En un intento de soslayar la dificultad así supuesta, Cristina procura hacer pensar que representa al pueblo agredido por una manga de oligarcas desalmados que quieren hambrearlo, de personajes nefastos que están operando contra la Patria como hicieron otros en el pasado no tan remoto, pero fuera del universo oficialista pocos aceptan interpretar el conflicto en tales términos. Nadie en sus cabales cree que los chacareros constituyan la vanguardia de una nueva dictadura ni que entre sus motivos para oponerse al “proyecto” de los Kirchner esté el hipotético disgusto que les produciría la política de Derechos Humanos del Gobierno que, dicho sea de paso, tiene más que ver con lo ocurrido treinta años atrás que con lo que sucede en tantos lugares en la actualidad.
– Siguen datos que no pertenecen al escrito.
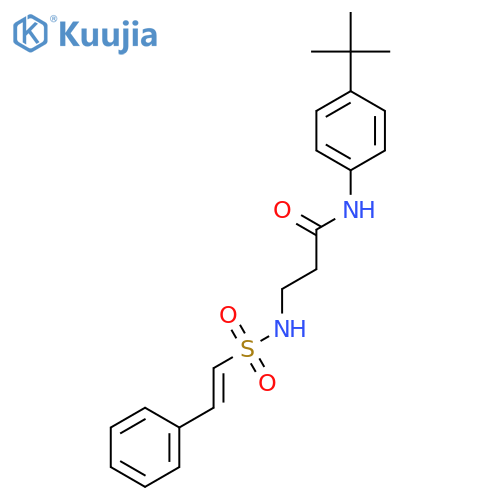 N-(4-tert-butylphenyl)-3-(2-phenylethenesulfonamido)propanamide structure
Asimismo, la mayoría sabe muy bien que está en juego mucho más que los ingresos futuros de los agricultores, o incluso los precios de los alimentos en un momento en que están subiendo en el mundo entero, lo que debería ser una bendición para la Argentina en su conjunto, pero que desde el punto de vista del Gobierno es un desastre que tendría que atenuar aislando al país de las malditas tendencias internacionales. Tiene razón Cristina cuando dice que el país se ve ante una oportunidad histórica, pero esto no significa que la excéntrica estrategia agropecuaria que puso en marcha su marido y que ella está decidida a continuar, pueda brindar los frutos presuntamente deseados. Después de todo, aunque prohibir exportaciones cuando el resto del mundo está reclamando alimentos y tomar medidas encaminadas a desalentar a los productores podrían complacer al “pueblo” urbano, no ayudarán a enriquecer al país.
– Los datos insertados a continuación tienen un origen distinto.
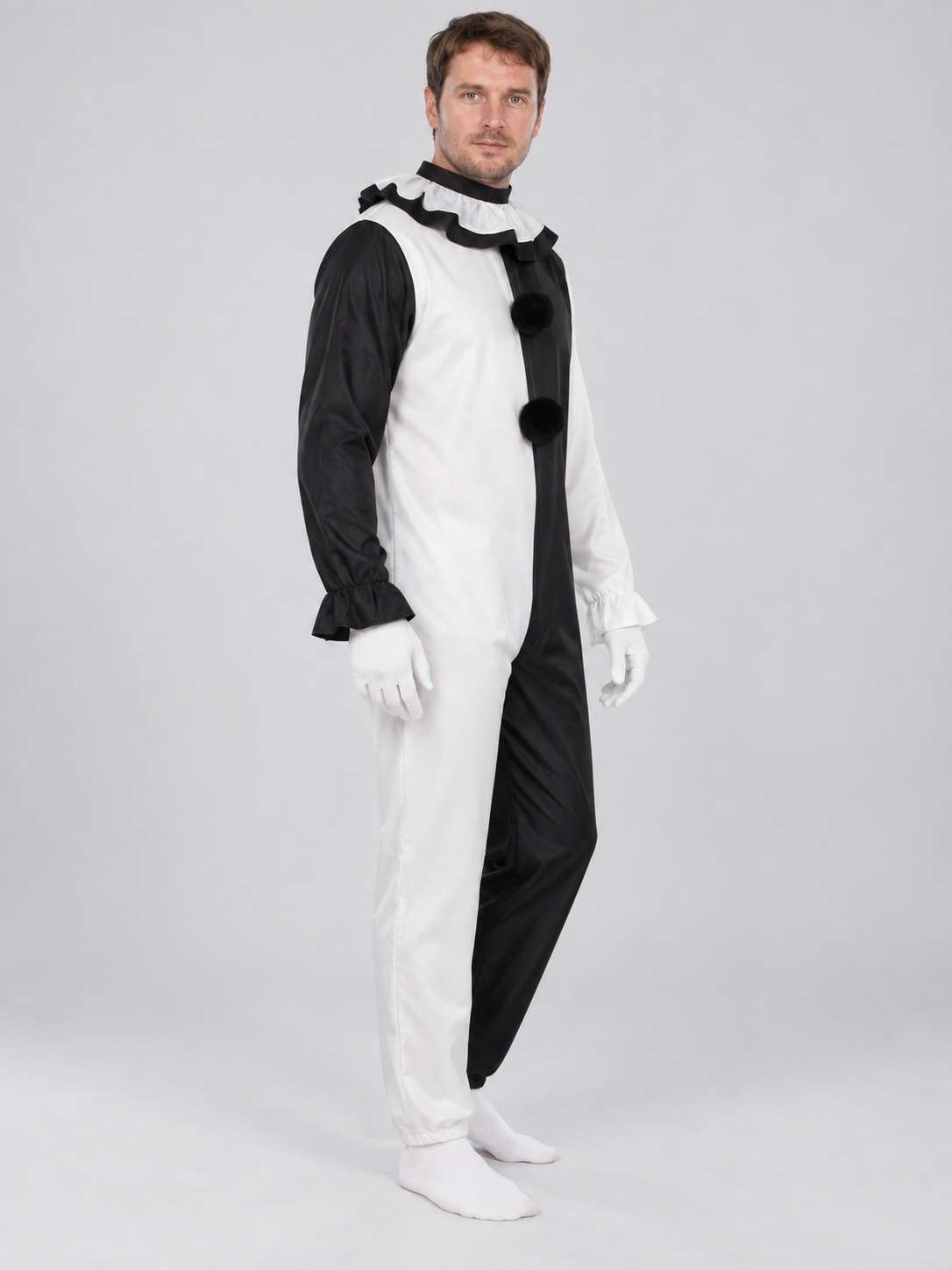 Black and White Clown Costume for Cosplay with Jabot and Pom-Poms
Si por los motivos que fueran Cristina resulta ser incapaz de granjearse el respeto del grueso de sus adversarios, su gestión no podrá sino terminar mal. Como a estas alturas entenderá, no le será fácil reinventarse. Aunque intercale “por favor” y “humildemente” en todas sus próximas alocuciones y deje de tratar a los hombres del campo como golpistas en potencia, su forma de hablar continuará levantando ampollas. Tal y como sucedió con la primera ministra británica Margaret Thatcher y también con la ex presidenta Isabel Perón, el estilo didáctico favorecido por Cristina irrita mucho a quienes lo consideran típico de una maestra de escuela obligada a tratar infructuosamente de instruir a alumnos atrasados acerca de sus deberes. Aunque la intelectualidad progre británica la detestaba, la Dama de Hierro nunca perdió el apoyo de la clase media y de una parte sustancial de la obrera, lo que le permitió gobernar sin demasiados sobresaltos hasta que los hombres de su propio partido optaran por voltearla, pero a pesar de ser ella misma de la clase media urbana, Cristina la tiene en contra. Asimismo, en la Argentina por lo menos escasean las mujeres que estén dispuestas a solidarizarse con ella por considerarla la abanderada de su género. A juzgar por las manifestaciones callejeras de las semanas últimas, abundan las mujeres que la encuentran insoportable.

¿Qué es lo que tanto las enfurece? La palabra que más se oye cuando se alude a su estilo es “soberbia”, ya que parece acostumbrada a mirar por encima del hombro a todos sus compatriotas, tratando incluso a miembros del Gobierno como si formaran parte de la servidumbre. Puede que tal actitud no se haya debido a la convicción de la superioridad intelectual propia, sino a la inseguridad que naturalmente siente una mujer sin mucha experiencia administrativa y que, por lo demás no estaría donde está de no haberlo decidido su marido en un ámbito, el del peronismo, que siempre se ha visto dominado por machos que se ufanan de sus atributos masculinos, pero así y todo es urticante. Y aunque pocas sienten la nostalgia por la dictadura militar que les imputa Cristina, no les resultan persuasivas en absoluto las pretensiones “progresistas” de un gobierno que tiene mucho en común con los de signo “derechista” encabezados por Héctor Cámpora, los Perón y Carlos Menem.